With songs about love, travel, death and tricksters, Fernhill's authentic musical exploration of Welsh culture both equals and updates the more experimental work of UK folk artists like Donovan, Sandy Denny and Pentangle. Hynt, the Welsh word for journey, is a fitting title for Fernhill's third and latest CD (on the UK Beautiful Jo label), as the group has traveled the globe from Ho Chi Minh City to Uganda to Europe demonstrating the timelessness of Welsh culture.
The group disavows any similarity to previous UK folk revivals. "It's about expression," Fernhill co-founder Julie Murphy insists via phone from her home in rural Wales. "And it's not about listening in a sort of technical sense, or celebrity."
The sound of reels being rehearsed on a flute are audible in the background while she shares touring stories. One of the most colorful involves her encounter with an oud-playing, turban-wearing stranger backstage in Khartoum, Sudan. Seeing that Murphy was a singer, the stranger sat down and quickly taught her how to sing along with a melody on the oud. He then rushed her into a room, where he gathered up his orchestra of 20 musicians and pushed Murphy out in front of a microphone, with the entire band following them onstage. About 6,000 Sudanese were waiting in the audience, and welcomed the group with worshipful applause while the MC introduced the turbaned stranger as African oud star Abdel Gadir Salim.
It was a "very humbling experience," Murphy recalls.

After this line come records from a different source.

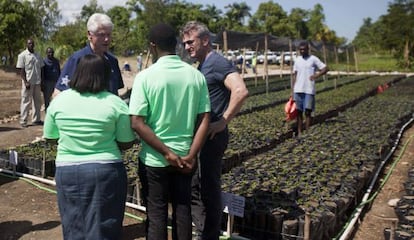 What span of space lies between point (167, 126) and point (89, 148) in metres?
0.44

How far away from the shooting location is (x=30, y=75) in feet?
25.7

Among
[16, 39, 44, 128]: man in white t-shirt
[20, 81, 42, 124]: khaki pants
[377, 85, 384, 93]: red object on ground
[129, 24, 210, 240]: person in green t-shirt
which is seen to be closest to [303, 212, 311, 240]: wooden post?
[129, 24, 210, 240]: person in green t-shirt

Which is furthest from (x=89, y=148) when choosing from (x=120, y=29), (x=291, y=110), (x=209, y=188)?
(x=120, y=29)

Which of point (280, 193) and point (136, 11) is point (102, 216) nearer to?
point (280, 193)

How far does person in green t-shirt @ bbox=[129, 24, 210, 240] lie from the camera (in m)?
2.38

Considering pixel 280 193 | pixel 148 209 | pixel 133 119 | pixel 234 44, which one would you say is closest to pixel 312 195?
pixel 280 193

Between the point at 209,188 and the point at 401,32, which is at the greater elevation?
the point at 401,32

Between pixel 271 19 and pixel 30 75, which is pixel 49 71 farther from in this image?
pixel 271 19

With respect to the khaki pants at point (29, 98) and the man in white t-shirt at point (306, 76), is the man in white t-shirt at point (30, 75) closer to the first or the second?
the khaki pants at point (29, 98)

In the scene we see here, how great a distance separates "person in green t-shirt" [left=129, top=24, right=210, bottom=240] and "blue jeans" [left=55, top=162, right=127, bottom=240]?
0.20 m

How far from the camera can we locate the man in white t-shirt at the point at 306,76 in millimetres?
6848

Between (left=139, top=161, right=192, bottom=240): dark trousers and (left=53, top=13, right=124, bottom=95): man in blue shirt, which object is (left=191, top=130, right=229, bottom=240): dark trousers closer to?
(left=139, top=161, right=192, bottom=240): dark trousers

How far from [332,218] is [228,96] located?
149 cm

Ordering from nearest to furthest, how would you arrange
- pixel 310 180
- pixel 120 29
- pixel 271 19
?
1. pixel 310 180
2. pixel 120 29
3. pixel 271 19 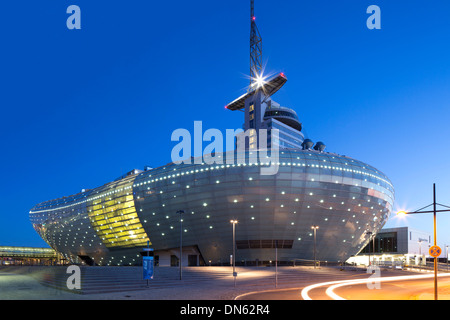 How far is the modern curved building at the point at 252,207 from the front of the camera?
6919 centimetres

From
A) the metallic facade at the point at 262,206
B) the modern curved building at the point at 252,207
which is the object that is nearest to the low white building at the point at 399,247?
the modern curved building at the point at 252,207

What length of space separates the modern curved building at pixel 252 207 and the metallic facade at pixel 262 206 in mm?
199

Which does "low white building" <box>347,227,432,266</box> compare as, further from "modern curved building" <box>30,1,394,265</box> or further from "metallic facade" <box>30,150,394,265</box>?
"metallic facade" <box>30,150,394,265</box>

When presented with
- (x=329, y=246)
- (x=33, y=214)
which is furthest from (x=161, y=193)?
(x=33, y=214)

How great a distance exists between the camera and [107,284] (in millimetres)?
30141

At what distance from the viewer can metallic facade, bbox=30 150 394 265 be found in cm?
6919

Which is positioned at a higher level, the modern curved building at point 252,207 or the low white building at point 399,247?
the modern curved building at point 252,207

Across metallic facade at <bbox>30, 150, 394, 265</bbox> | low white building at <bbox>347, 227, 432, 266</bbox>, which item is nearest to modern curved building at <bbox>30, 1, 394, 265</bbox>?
metallic facade at <bbox>30, 150, 394, 265</bbox>

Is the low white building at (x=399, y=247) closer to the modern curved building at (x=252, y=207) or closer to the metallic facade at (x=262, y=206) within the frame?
the modern curved building at (x=252, y=207)

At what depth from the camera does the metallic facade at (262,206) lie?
6919 cm

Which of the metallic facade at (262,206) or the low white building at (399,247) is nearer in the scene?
the metallic facade at (262,206) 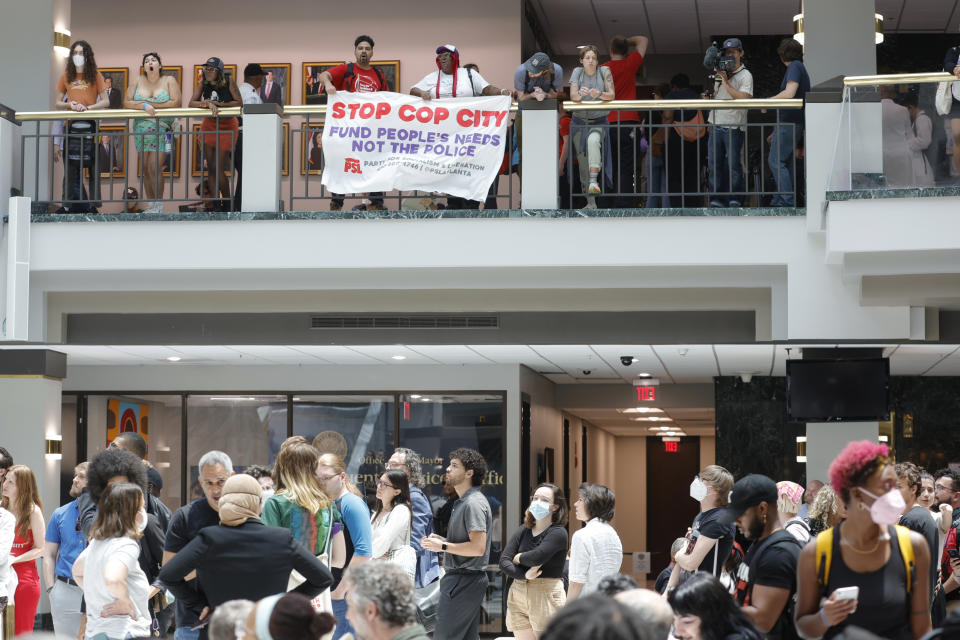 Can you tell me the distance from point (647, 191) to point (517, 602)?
4.35 metres

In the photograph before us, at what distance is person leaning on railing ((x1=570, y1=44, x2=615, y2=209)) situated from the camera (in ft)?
35.8

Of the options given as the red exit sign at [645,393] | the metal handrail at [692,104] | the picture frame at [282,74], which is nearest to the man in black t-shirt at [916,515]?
the metal handrail at [692,104]

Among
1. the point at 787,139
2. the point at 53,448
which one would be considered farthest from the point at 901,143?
the point at 53,448

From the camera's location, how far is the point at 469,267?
10461 millimetres

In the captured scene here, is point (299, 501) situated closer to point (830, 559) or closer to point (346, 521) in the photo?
point (346, 521)

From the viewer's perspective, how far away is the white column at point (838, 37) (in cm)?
1090

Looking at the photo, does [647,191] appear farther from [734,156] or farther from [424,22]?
[424,22]

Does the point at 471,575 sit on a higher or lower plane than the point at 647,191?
lower

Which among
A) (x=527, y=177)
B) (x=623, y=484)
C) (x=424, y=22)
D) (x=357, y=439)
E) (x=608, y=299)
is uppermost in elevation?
(x=424, y=22)

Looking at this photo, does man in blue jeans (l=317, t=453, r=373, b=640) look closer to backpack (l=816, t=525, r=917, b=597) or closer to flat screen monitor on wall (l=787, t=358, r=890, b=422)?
backpack (l=816, t=525, r=917, b=597)

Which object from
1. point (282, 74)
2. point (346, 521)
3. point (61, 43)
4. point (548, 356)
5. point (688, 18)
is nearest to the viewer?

Not all of her learning experiences have been quite as exotic or dramatic. Much of Murphy's musical journey has been what she describes as "hearing people singing in the pub or on records," and finding what she calls "voices that can communicate to anybody."
Murphy's husband and Fernhill co-founder Ceri Rhys Matthews may have not written the book on Welsh folklore, but he did write the liner notes for The Rough Guide to Welsh Music. Although his art school and punk-rock drumming creds may account for his creative approach to making songs, and his percussive acoustic guitar style, he gets some flack from Welsh traditionalists. Still, Murphy's musical montages may not really be all that off-kilter with Welsh tradition. "You take the tune of your choice and the words of your choice, and put them together," he says simply.

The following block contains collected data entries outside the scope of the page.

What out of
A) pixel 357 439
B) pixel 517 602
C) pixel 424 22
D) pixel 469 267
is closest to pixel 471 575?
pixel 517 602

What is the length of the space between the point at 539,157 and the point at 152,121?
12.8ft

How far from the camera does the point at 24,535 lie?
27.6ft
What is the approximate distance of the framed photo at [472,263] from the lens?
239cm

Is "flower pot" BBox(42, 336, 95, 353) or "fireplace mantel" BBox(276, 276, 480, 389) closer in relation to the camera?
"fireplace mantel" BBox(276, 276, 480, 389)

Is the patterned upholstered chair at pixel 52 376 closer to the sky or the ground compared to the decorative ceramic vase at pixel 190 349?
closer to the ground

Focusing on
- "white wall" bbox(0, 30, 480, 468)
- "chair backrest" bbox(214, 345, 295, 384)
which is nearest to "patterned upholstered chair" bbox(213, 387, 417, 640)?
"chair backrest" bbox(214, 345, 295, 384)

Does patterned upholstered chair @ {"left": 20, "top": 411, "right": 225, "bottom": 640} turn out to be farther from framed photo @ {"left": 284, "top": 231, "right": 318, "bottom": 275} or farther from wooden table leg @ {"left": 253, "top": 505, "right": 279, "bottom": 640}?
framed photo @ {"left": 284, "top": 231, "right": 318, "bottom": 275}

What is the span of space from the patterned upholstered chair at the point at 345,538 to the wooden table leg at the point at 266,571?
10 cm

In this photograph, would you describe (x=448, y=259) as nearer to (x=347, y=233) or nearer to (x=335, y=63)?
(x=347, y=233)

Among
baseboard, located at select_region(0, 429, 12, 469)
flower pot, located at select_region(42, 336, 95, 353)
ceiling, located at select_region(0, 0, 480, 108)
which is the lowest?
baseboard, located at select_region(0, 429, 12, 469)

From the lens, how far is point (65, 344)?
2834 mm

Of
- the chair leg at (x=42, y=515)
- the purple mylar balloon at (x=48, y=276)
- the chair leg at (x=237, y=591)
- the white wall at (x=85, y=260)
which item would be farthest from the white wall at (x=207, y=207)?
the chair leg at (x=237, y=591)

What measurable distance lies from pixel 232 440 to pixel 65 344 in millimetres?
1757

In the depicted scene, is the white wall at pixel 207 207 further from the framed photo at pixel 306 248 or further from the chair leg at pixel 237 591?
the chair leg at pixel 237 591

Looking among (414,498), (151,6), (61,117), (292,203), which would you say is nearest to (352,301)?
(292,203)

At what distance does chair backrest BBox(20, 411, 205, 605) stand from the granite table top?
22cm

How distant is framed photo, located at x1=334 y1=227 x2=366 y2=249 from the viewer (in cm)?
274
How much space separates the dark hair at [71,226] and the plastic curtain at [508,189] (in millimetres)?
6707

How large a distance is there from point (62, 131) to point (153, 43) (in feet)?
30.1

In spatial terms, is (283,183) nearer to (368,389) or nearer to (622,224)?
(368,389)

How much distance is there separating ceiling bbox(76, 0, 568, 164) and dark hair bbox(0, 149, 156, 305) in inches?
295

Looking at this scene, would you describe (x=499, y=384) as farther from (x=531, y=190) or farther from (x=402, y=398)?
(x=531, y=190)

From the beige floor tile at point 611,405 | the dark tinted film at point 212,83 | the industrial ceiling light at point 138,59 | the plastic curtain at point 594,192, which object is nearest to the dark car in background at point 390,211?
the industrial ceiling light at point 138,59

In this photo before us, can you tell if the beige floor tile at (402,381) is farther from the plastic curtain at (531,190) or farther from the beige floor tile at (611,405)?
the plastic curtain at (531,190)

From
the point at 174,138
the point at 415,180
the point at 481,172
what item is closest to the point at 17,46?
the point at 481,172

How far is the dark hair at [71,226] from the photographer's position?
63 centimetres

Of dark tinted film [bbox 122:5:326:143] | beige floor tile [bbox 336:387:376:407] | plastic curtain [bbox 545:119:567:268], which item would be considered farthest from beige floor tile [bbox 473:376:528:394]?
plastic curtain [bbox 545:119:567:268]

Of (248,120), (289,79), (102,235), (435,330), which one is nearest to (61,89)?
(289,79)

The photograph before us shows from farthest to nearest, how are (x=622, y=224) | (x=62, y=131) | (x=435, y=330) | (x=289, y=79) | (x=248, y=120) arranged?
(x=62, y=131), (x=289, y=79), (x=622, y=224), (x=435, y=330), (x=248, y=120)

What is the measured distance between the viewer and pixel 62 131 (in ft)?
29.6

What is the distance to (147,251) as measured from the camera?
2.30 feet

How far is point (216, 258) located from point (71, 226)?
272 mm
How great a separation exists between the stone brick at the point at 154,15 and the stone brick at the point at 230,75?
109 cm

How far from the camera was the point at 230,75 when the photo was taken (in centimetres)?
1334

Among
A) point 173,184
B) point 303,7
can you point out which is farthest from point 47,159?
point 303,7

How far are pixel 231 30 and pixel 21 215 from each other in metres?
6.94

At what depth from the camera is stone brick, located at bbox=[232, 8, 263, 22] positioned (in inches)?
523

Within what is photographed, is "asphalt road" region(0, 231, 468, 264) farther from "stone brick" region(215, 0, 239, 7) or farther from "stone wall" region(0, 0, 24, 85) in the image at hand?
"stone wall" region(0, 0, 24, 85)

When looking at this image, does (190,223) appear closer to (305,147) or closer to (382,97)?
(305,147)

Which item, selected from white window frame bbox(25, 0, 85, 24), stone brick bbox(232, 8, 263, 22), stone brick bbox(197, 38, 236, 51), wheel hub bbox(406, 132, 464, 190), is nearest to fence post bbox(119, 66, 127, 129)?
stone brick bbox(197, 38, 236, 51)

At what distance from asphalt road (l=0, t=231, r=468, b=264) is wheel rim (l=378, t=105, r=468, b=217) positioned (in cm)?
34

The Welsh poetry that inspires Fernhill is not the narrative bardic poems that are more highly regarded by certain bulwarks of the Welsh and English establishment, but a unique thread of Welsh poetic tradition that is, as Matthews says, "far more like psychodrama ... and of the people." The subjects, he says, are closer to "love, people, and death." That's part of what lends Fernhill's lyrics a timeless quality as Matthews wryly reminds, "Because they are about people, and people really don't change much."

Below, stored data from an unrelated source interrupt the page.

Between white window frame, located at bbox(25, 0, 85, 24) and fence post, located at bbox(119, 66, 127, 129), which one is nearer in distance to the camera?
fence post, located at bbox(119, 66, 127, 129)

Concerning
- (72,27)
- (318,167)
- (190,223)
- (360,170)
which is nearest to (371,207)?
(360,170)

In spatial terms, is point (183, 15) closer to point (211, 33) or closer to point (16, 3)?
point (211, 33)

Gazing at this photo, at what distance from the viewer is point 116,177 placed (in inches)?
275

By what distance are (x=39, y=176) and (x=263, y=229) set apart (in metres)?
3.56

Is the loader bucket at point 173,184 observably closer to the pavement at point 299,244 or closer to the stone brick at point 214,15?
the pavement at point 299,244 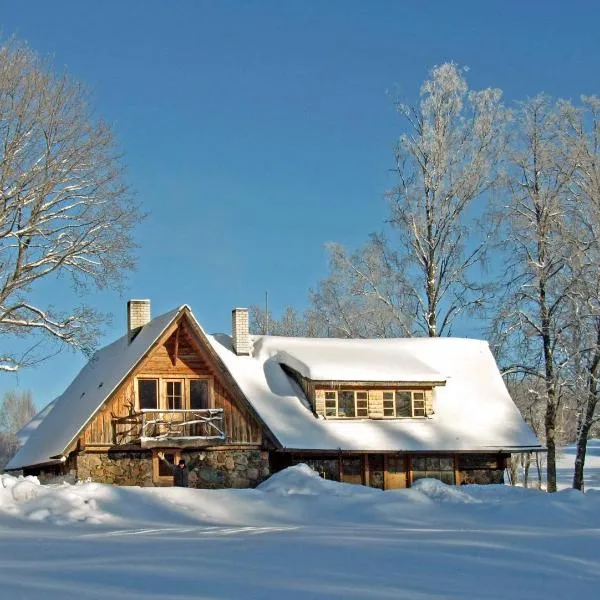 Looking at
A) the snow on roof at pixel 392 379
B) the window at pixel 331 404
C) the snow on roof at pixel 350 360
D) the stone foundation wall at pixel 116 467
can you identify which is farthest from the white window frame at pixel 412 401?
the stone foundation wall at pixel 116 467

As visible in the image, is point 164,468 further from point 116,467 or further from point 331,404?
point 331,404

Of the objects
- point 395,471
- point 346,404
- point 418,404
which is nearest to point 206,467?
point 346,404

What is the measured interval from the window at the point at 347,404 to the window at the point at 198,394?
13.4 feet

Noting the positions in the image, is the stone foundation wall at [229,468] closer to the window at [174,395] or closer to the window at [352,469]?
the window at [174,395]

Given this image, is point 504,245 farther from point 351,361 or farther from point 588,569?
point 588,569

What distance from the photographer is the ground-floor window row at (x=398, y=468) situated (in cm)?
3112

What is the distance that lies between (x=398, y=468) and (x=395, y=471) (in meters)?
0.14

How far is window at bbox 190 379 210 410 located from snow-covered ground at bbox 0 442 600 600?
845cm

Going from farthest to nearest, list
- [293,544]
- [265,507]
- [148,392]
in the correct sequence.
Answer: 1. [148,392]
2. [265,507]
3. [293,544]

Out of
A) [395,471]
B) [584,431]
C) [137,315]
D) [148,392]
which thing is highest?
[137,315]

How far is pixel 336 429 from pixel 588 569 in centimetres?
2012

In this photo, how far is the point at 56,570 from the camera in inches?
416

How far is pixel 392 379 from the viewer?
3219cm

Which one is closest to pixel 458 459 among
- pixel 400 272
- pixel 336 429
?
pixel 336 429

With Murphy's emotive voice singing in Welsh, Breton and English, and Matthews' driving guitar work, all carefully layered with touches of Tomos Williams' jazzed pastoral trumpet and impressionistic piano, Fernhill's sound is clearly outside the UK "folk music" box. With divided camps about Welsh tradition in Wales, and the ongoing debate about the future of Welsh in the United Kingdom, the British Council's sponsoring of Julie Murphy and Fernhill's upcoming performances in the Czech Republic is a statement in itself. The debates aside, Fernhill's passion for song and its growing international audience is assuring to the future of challenged traditions everywhere. As Murphy says, "As long as anybody picks up the song and starts singing, it's alive!"